Main topics in the course will be (1) supervised learning (regression and classification, but with a strong focus on the latter); (2) model selection; (3) basic clustering; basic optimization.The methods discussed will include various classical and state-of-the-art classification methods: LDA (1930s), naive Bayes, perceptrons (1960s), decision trees (1980s), logistic regression, boosting and support vector machines (2000s), neural networks and deep learning. We explain interrelations between these methods and analyze their behaviour. As for model selection, we again consider both classical and state of the art methods including various forms of cross-validation, Ridge, Lasso and other L1- methods. As to clustering, we consider the classic k-means and EM methods. For optimization, we will cover stochastic gradient descent, which is the most widely used method to train neural networks.

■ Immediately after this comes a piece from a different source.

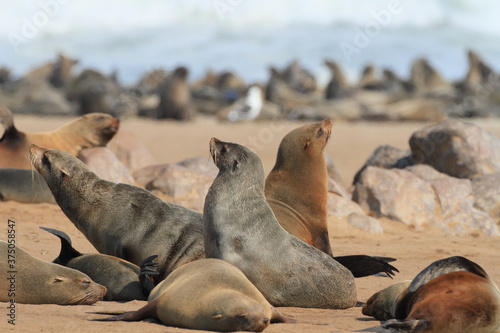 Monk Seals Colony at Cape Cross on the Namibian Skeleton coast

See www.timvanerven.nl/teaching/statlearn2017/ for detailed course information.

## Prerequisites

• Familiarity with least squares linear regression

• Ability to program in R or Python

## Course objectives

An introduction to Statistical Learning

## Time Table

For the course days, course location and class hours check the Time Table under the tab “StatSci Students -> Program Schedule” at http://www.math.leidenuniv.nl/statisticalscience

## Mode of Instruction

Lectures and computer practicals.

## Assesssment method

• A written open-book exam (50%)

• Two assignments (each 25%)

It is required to have a passing score both for the assignments and for the exam. This means at least a 5.5 average for the assignments and a 5.5 for the exam.

Both homework assignments involve setting up some experiments in R or Python, experimenting, and writing a short report about the results. Discussing the problems with other students is encouraged, but every participant must do their own experiments and write a report on their own.

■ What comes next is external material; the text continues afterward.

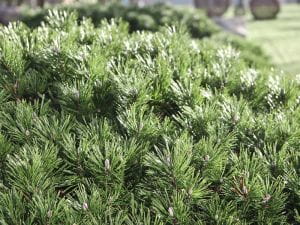 Zwerg-Kiefer • Pinus mugo pumilio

Date information about the exam and resit can be found in the Time Table pdf document under the tab “Masters Programme” at http://www.math.leidenuniv.nl/statscience. The room and building for the exam will be announced on the electronic billboard, to be found at the opposite of the entrance, the content can also be viewed here http://info.liacs.nl/math/.

• T. Hastie, R. Tibshirani, J. Friedman, The Elements of Statistical Learning, 2nd edition, 2009.

• Handouts of some (very few) papers and about optimization

## Registration

Enroll in Blackboard for the course materials and course updates.

To be able to obtain a grade and the ECTS for the course, sign up for the (re-)exam in uSis ten calendar days before the actual (re-)exam will take place. Note, the student is expected to participate actively in all activities of the program and therefore uses and registers for the first exam opportunity.

Exchange and Study Abroad students, please see the Prospective students website for information on how to apply.

## Contact information

Tim van Erven: tim@timvanerven.nl

## Remarks

• This is an elective course in the Master’s programme of the specialisation Statistical Science for the Life & Behavioural sciences.